Access to Information Orders

Decision Information

Summary:


This appeal was received pursuant to subsection 50(1) of the Freedom of Information and Protection of Privacy Act, 1987 (the "Act") which gives a person who has made a request for access to a record under subsection 24(1) a right to appeal any decision of a head to the Commissioner.

The facts of this case and the procedures employed in making this Order are as follows:

1. On January 4, 1989, the appellant made a request to the Ministry of Natural Resources (the "institution") for the following record:

A copy of the reasond (sic) letter send (sic) by [a named individual] to the M.N.R. on behave (sic) of "[a named island]" land owners, responding to our docking situation.

2. On January 17, 1989, the institution responded, denying access to the record requested.

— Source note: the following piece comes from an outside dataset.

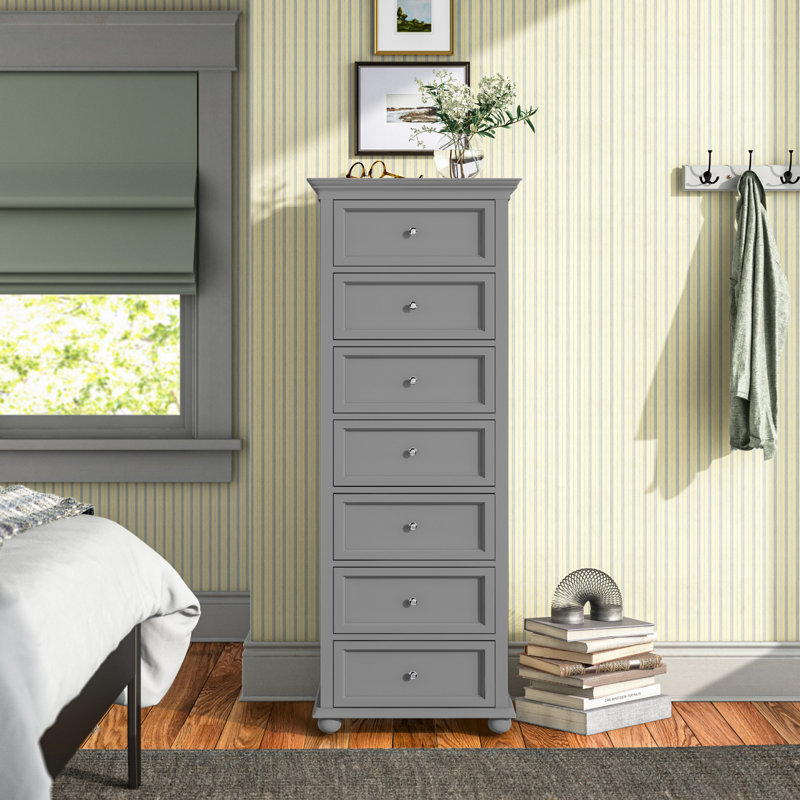 Commode 7 tiroirs pour la lingerie Arsenie, Gris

The institution stated that to provide access to the record would "constitute an unjustified invasion of personal privacy. I am therefore refusing access to this letter under s.21 of the Act."

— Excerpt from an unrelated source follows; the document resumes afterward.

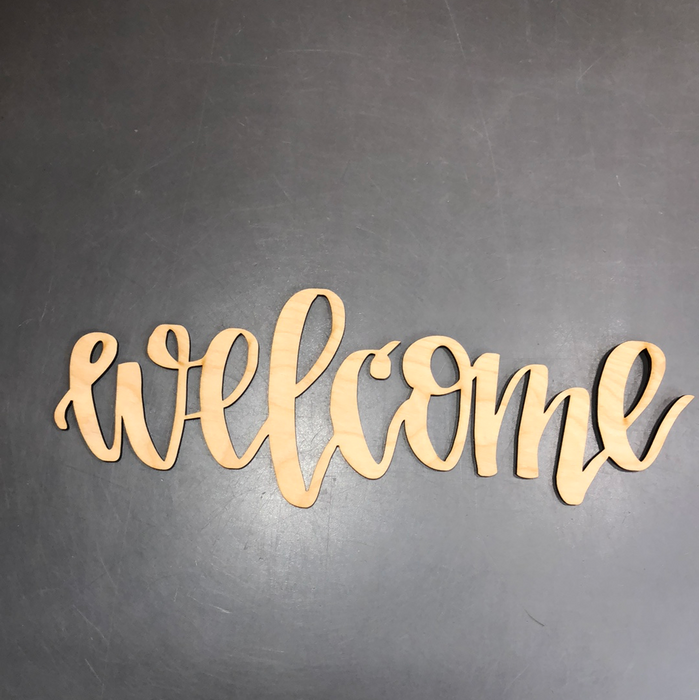Small Welcome Wood Cutout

3. By letter dated March 29, 1989, the requester's lawyer appealed the denial of access.

4. On April 26, 1989, I gave notice of the appeal to the institution.

5. In his letter of appeal regarding the denial of access, the lawyer stated that:

Respectfully, we find this to be offensive and entirely inconsistent with the spirit of the legislation. [The appellant's name]'s work is seasonal and he is a very small businessman who works hard to make an honest living. It is unfortunate when small businessmen on limited incomes have to be faced with such a response.

[It was noted that various documents were supplied with the letter of appeal.]...We doubt that the Deputy Minister would have had all these documents at his disposal in considering his judgment. If he did, we respectfully submit that it was in error.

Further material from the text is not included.